The market opening of network industries, such as telecommunications, transport and energy has benefited consumers by putting pressure on service providers to keep their costs and prices down, according to a report by the European Commission.
The report goes on to say that delays in liberalising postal services, railways and the energy sector, in particular, have stifled performance in some member states. It also criticises governments for failing to remove technological and legal barriers to market openings.

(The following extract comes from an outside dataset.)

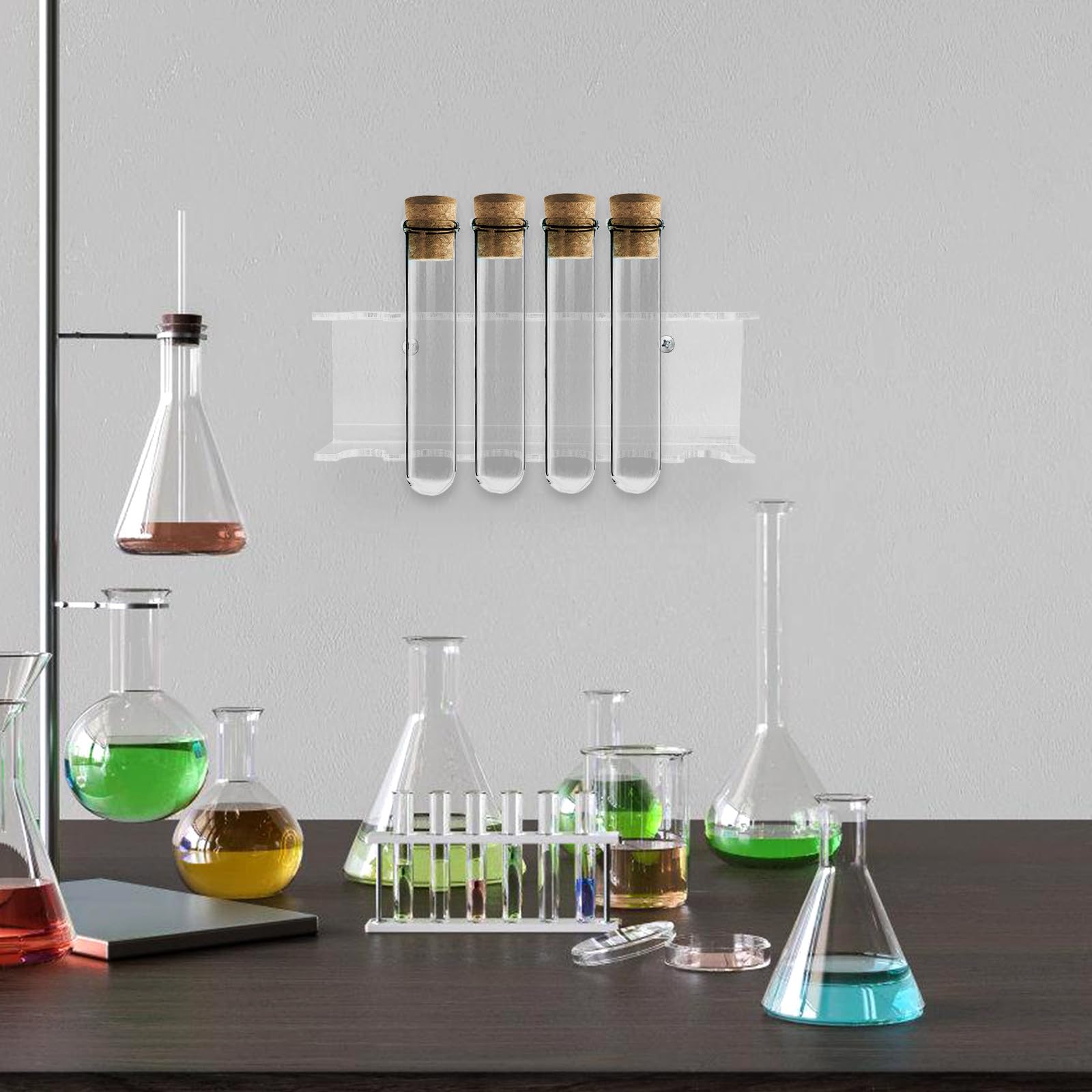 FOMIYES Pipettenhalter aus Kunststoff 6 Steckplätze Transparent Wandmontierbar Pipettenständer für Laborzwecke Platzsparend Stabil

The report praises the EU regulatory framework for the telecommunications sector, the implementation of which, it says, has “stimulated investment and the take-up of new services, such as broadband”. In addition, the report says, prices that consumers are paying for telecommunications have decreased by 40% in real terms over the past decade. The report attributes the lion’s share of this growth to the growth in labour productivity, which grew, between 1993 and 2003 in the EU15, “at a considerably faster pace in communication services (average annual growth rate of 7.6%) than in the the economy as a whole (1.8%)”.
“Electronic communications,” the report says, “are the major success story of liberalisation but even here further improvements could be made, not only through better coordination of regulators but also by removing unnecessarily restrictive regulation (e.g. in radio spectrum allocation) that not only hinders market integration but can be an obstacle to the development of innovative services and technologies.”
The report deplores, however, the raise of energy prices, which, it says, is “the notable exception” in a field of generally falling prices. The report goes on by saying that “the current level of energy prices partly reflects the situation on world markets for oil and gas but is also in part attributable to a lack of competition”. It concludes: “Lower-income groups are particularly badly affected by high energy prices and Member States may need to take steps to alleviate this problem, for example by helping low-income households to improve their energy efficiency and to take advantage of increased competition by switching to cheaper suppliers.”
The ‘horizontal evaluation of the performance of network industries providing services of general interest‘, is an annual exercise by DG Economic and Financial Affairs, covering telecommunications, postal services, electricity, gas, air, road and rail transport.